• What you are asked to do:
All lines of the material that contain "Brown" must be copied out.

• Records supplied:

- - - - - - -

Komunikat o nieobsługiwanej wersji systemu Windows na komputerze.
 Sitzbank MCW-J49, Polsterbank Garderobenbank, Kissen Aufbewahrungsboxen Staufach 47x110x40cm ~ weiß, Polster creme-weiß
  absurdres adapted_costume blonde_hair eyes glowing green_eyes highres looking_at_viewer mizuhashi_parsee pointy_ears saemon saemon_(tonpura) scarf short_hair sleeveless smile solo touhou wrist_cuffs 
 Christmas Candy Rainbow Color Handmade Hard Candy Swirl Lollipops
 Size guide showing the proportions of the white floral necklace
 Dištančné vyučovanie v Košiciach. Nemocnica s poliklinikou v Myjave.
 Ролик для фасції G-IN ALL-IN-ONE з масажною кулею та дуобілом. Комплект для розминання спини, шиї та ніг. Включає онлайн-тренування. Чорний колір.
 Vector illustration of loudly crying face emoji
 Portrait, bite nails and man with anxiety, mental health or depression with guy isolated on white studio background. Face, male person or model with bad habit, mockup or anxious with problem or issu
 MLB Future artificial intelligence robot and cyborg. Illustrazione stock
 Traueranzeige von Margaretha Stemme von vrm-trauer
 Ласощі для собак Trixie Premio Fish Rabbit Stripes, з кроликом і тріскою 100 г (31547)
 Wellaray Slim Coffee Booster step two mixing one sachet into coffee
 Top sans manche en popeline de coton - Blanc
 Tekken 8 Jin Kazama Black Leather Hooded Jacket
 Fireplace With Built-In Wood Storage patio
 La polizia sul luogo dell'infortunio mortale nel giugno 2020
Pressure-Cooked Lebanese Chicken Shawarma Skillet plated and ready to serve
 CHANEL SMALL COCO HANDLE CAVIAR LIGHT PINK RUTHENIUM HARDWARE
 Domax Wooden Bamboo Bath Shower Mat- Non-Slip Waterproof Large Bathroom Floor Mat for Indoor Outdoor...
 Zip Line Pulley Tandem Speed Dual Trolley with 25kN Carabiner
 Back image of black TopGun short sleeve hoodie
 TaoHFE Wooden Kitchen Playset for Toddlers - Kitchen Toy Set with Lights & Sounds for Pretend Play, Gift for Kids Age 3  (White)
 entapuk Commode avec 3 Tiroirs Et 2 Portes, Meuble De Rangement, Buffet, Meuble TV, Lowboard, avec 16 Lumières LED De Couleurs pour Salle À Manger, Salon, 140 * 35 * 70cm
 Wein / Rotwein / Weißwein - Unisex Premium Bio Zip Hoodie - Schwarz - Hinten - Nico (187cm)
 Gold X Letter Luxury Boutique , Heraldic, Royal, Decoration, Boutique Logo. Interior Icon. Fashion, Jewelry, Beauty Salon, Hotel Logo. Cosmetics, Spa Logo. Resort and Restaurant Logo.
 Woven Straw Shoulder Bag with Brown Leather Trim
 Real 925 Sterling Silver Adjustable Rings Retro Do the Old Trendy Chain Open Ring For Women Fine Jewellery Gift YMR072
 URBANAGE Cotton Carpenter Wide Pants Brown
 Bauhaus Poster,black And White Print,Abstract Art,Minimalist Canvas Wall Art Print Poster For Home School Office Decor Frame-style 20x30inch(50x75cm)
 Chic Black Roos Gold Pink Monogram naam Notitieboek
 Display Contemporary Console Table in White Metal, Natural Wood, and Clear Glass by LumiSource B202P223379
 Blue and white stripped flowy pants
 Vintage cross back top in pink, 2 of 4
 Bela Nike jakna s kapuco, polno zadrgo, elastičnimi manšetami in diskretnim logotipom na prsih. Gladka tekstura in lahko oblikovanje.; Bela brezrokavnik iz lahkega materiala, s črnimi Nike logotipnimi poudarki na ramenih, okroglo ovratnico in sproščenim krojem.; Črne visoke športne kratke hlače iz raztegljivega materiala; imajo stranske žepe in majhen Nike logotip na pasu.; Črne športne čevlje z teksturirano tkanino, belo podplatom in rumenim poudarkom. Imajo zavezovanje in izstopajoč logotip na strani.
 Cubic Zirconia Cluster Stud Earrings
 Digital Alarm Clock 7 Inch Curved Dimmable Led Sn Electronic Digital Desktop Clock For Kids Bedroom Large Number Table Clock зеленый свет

- - - - - - -

• Result of the task:
 Woven Straw Shoulder Bag with Brown Leather Trim
 URBANAGE Cotton Carpenter Wide Pants Brown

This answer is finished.